Work instruction ▸ Drop the pictures; give again exactly the lines from the one holding "Holztisch und Stühle" through the end of the data.

BEGIN Source data

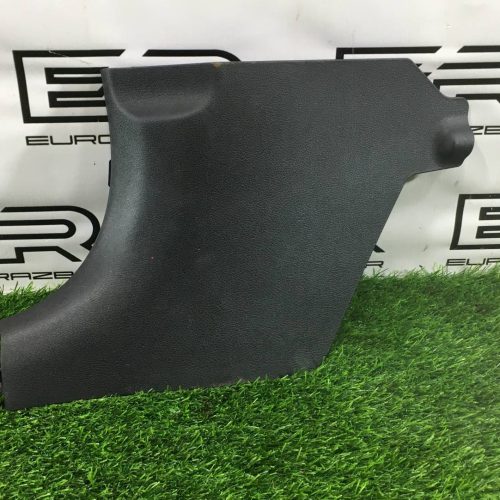 Обшивка стойки Kia Stinger 1 CK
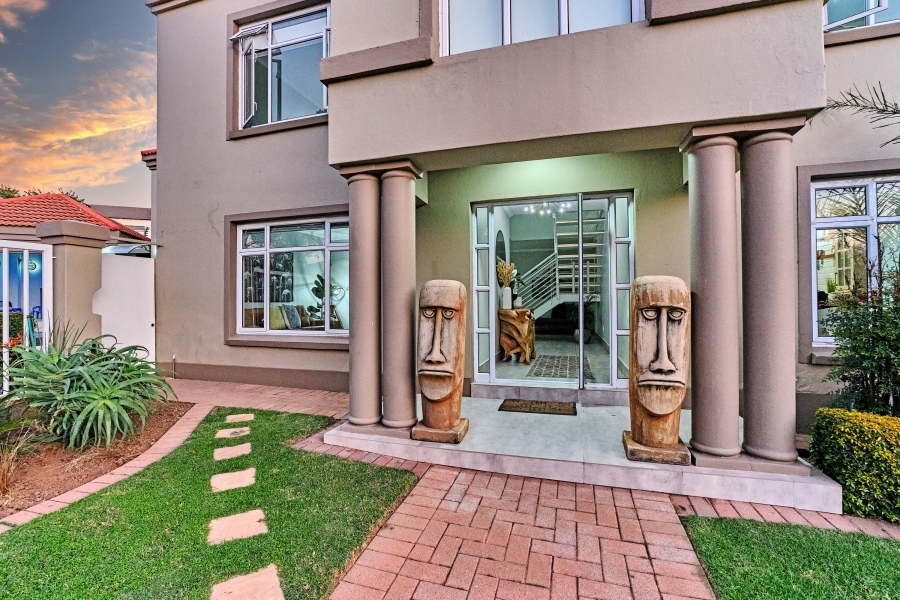 5 Bedroom Property for Sale in Dainfern Ridge Gauteng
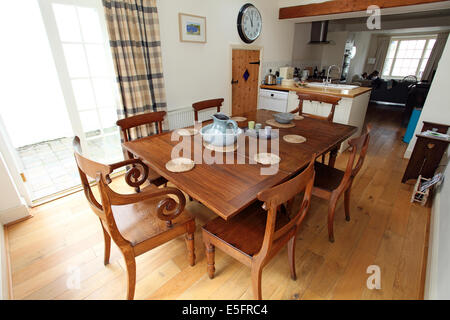 Holztisch und Stühle in einem traditionellen Cottage-Speisesaal. Stockfoto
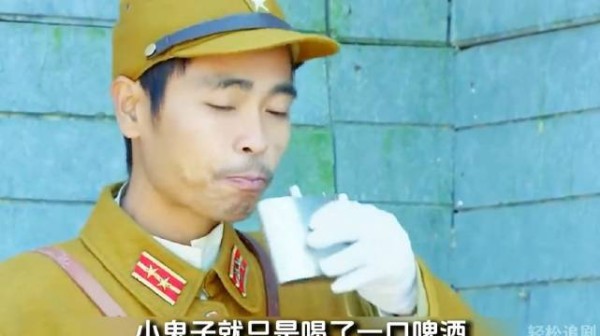 鬼子跟踪八路，被识破后，当场干掉！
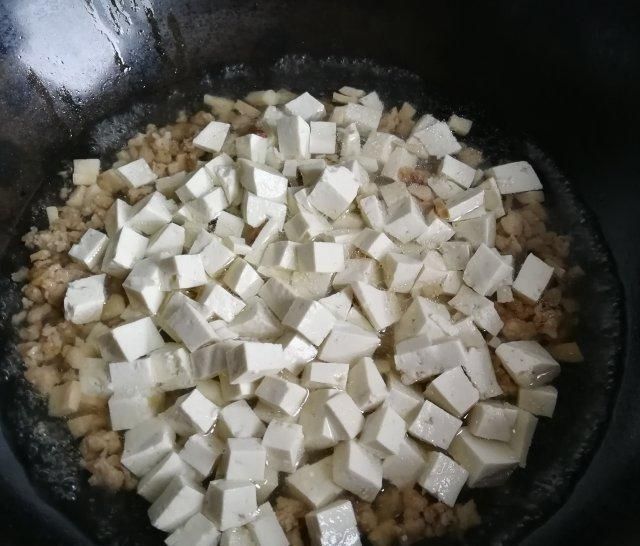 美味|这样做出来的肉末豆腐，无敌好吃，巨下饭，制作简单，鲜香美味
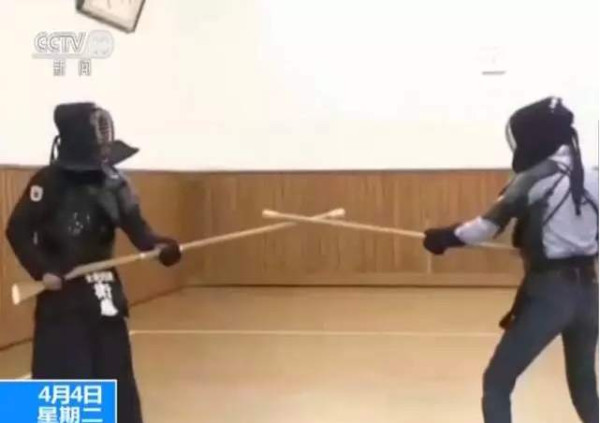 日本中学生要练“拼刺刀”！危险的军国主义要“复活”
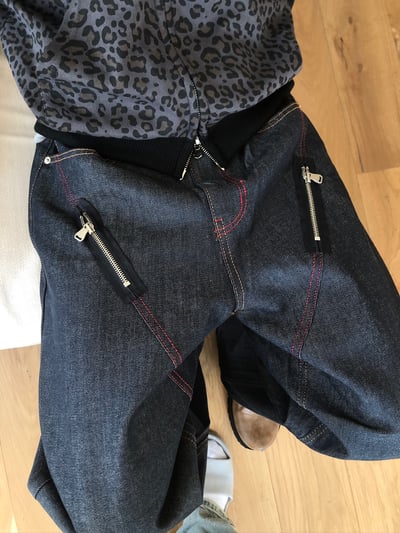 日系潮男 紅色縫線 拉鏈細節 牛仔寬褲 - 2C9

END Source data

Your response ▸
 Holztisch und Stühle in einem traditionellen Cottage-Speisesaal. Stockfoto
 鬼子跟踪八路，被识破后，当场干掉！
 美味|这样做出来的肉末豆腐，无敌好吃，巨下饭，制作简单，鲜香美味
 日本中学生要练“拼刺刀”！危险的军国主义要“复活”
 日系潮男 紅色縫線 拉鏈細節 牛仔寬褲 - 2C9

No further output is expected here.